Equivalently for this problem, we need to show if the following "inductive hypothesis" is true $\sum_{i=1}^k i = \frac{k(k+1)}{2}$ then it must also be true that $\sum_{i=1}^{k+1} i = \frac{(k+1)((k+1)+1)}{2}$

To this end, we will attempt to manipulate the left side of the above equation until it looks like the right side. We can use the inductive hypothesis to provide the transition from an expression involving $\sum$ to a simpler algebraic expression.

$\begin{array}{rcl} \sum_{i=1}^{k+1} i &=& \left( \sum_{i=1}^{k} i \right) + (k+1)\\\\ &=& \left( \frac{k(k+1)}{2} \right) + (k+1)\\\\ &=& \frac{k}{2}(k+1) + (k+1)\\\\ &=& (k+1) \left( \frac{k}{2} + 1\right)\\\\ &=& (k+1) \left( \frac{k+2}{2} \right)\\\\ &=& \frac{(k+1)(k+2)}{2}\\\\ &=& \frac{(k+1)((k+1)+1)}{2} \end{array}$

Having met with success in both the basis and inductive steps, we are free to conclude by the principle of mathematical induction, that the following is true for every positive integer $n$ : $\sum_{i=1}^n i = \frac{n(n+1)}{2}$

QED.

$\displaystyle{\sum_{i=1}^{n} i^2 = \frac{n(n+1)(2n+1)}{6}}$

Let's argue by induction...

Starting with the basis step...

We must show that the statement holds for the smallest value of $n$ that we wish to consider.

Since we seek to prove the statement holds for every positive integer, then the smallest value we wish to consider would be $n=1$ .

When $n=1$ , the left side collapses to a "sum" containing only a single term: $\sum_{i=1}^n i^2 = 1^2 = 1$

While on the right side, if $n=1$ , we have $\frac{n(n+1)(2n+1)}{6} = \frac{1(1+1)(2 \cdot 1 + 1)}{6} = \frac{2 \cdot 3}{6} = 1$

Since the left and right sides agree in value, the statement is true when $n=1$

Now we proceed with the inductive step...
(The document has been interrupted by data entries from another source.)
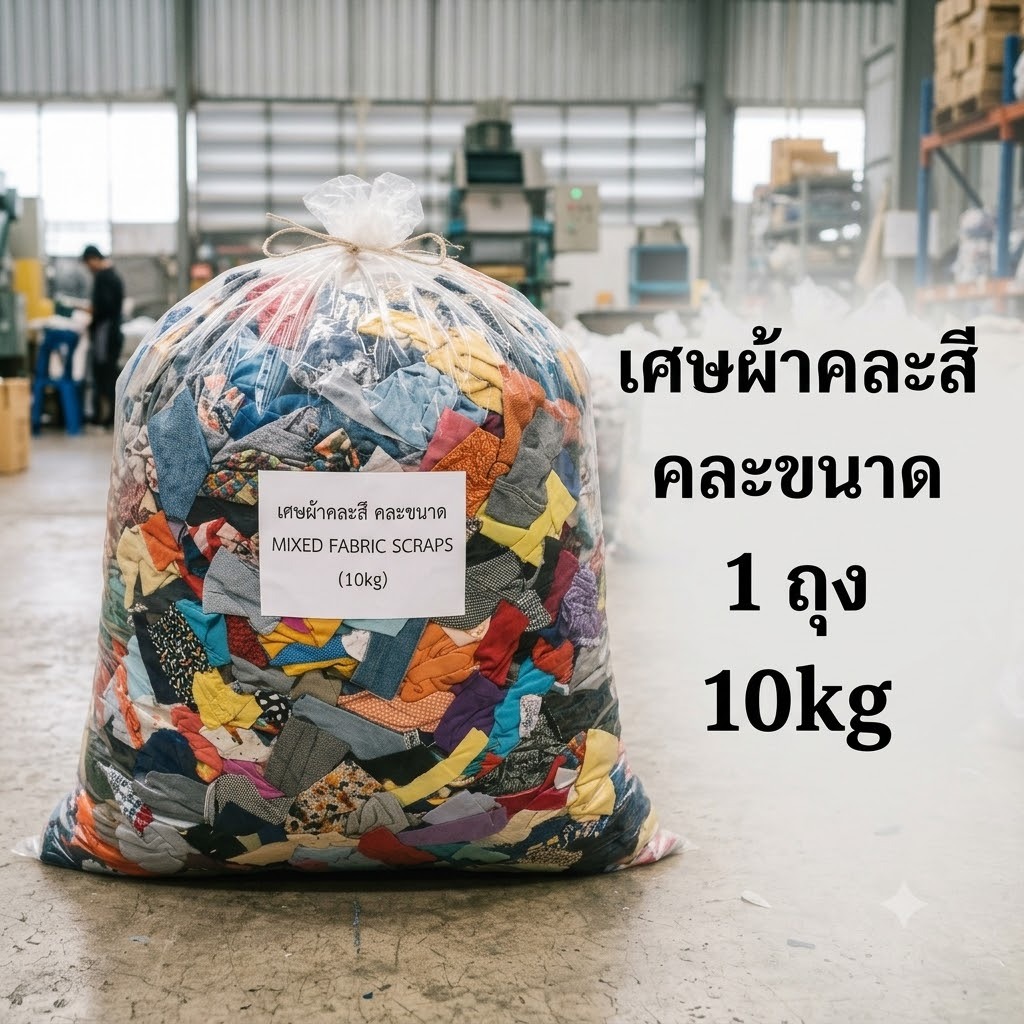 เศษผ้าคละสี คละไซส์ (ขนาดฝ่ามือ) ยกกระสอบ 1 ถุง 10 kg คุ้มค่า ราคาโรงงาน!
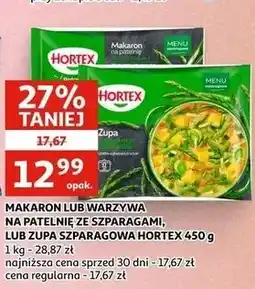 Auchan MAKARON LUB WARZYWA NA PATELNIĘ ZE SZPARAGAMI, LUB ZUPA SZPARAGOWA HORTEX oferta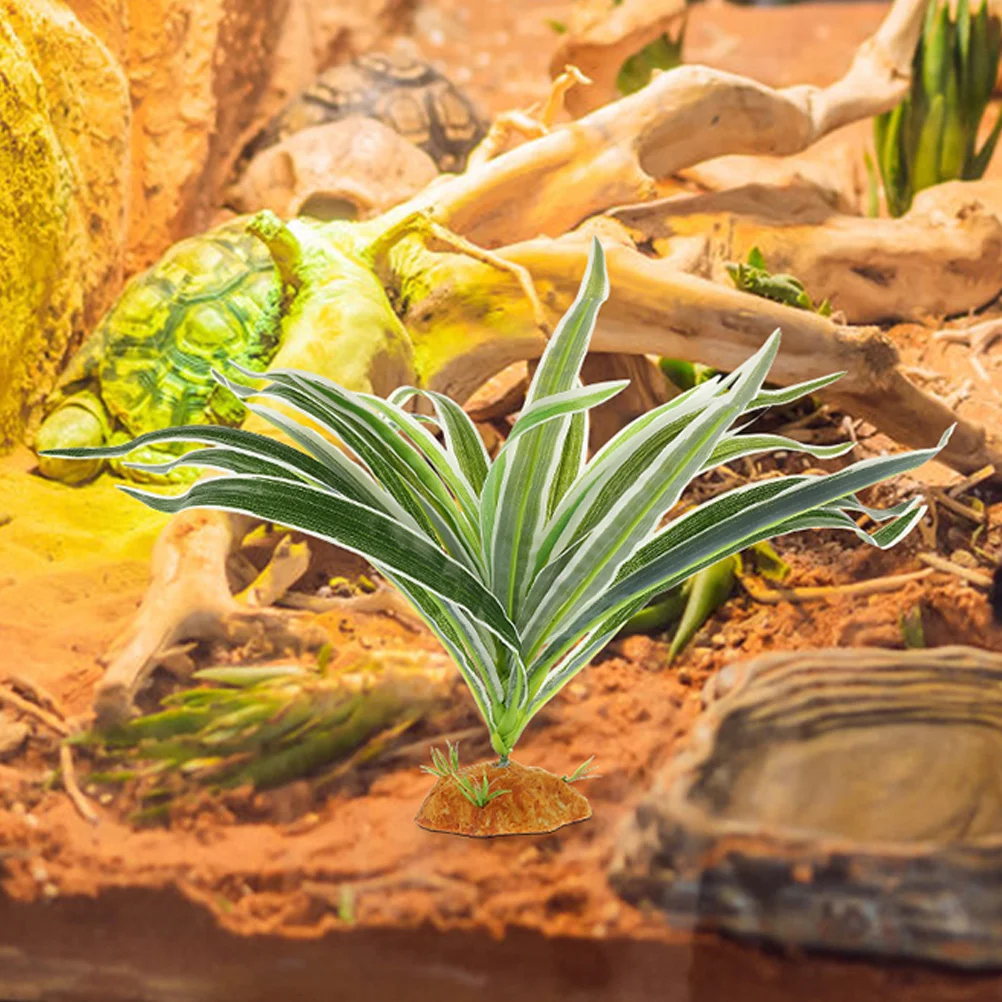 

2pcs Decorative Plants For Reptile Tank Lifelike Artificial Plant Terrarium Decor Lizard Climbing Resin Fake Plant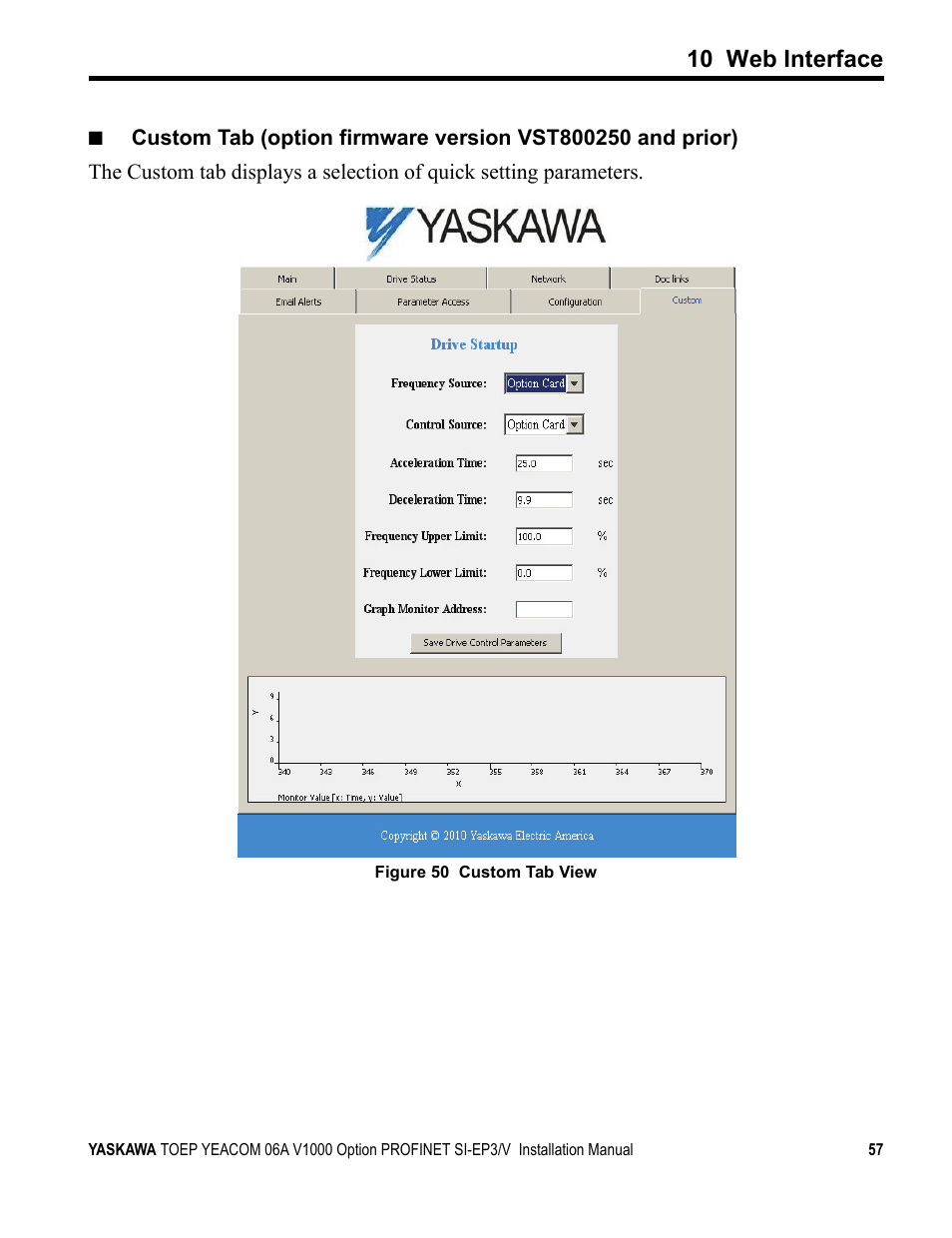 10 web interface | Yaskawa V1000-Series Option SI-EP3/V PROFINET User Manual | Page 57 / 68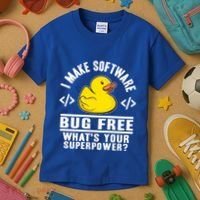 I Make Software Bug Free Programmer Debugging Rubber Duck Gift Kids T-Shirt thumb 3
We must show that if we know the statement holds for some particular value of $n$ , say $n=k$ , then the statement must also hold when $n=k+1$ .

Equivalently for this problem, we need to show if the following "inductive hypothesis" is true for some value $k$ $\sum_{i=1}^k i^2 = \frac{k(k+1)(2k+1)}{6}$ then $\sum_{i=1}^{k+1} i = \frac{(k+1)((k+1)+1)(2(k+1)+1)}{6}$

$\begin{array}{rcl} \sum_{i=1}^{k+1} i^2 &=& \left( \sum_{i=1}^{k} i^2 \right) + (k+1)^2\\\\ &=& \left( \frac{k(k+1)(2k+1)}{6} \right) + (k+1)^2\\\\ &=& \frac{k(k+1)(2k+1)+6(k+1)^2}{6}\\\\ &=& \frac{(k+1)[(k(2k+1)+6(k+1)]}{6}\\\\ &=& \frac{(k+1)(2k^2 +7k +6)}{6}\\\\ &=& \frac{(k+1)(k+2)(2k+3)}{6}\\\\ &=& \frac{(k+1)((k+1)+1)(2(k+1)+1)}{6}\\\\ \end{array}$

Having met with success in both the basis and inductive steps, we can conclude by the principle of mathematical induction that the following must then be true for every positive integer $n$ . $\displaystyle{\sum_{i=1}^{n} i^2 = \frac{n(n+1)(2n+1)}{6}}$

QED.

$\displaystyle{\sum_{i=1}^{n} i^3 = \frac{n^2 (n+1)^2}{4}}$

Let's argue by induction...

Starting with the basis step...

We must show that the statement holds for the smallest value of $n$ that we wish to consider.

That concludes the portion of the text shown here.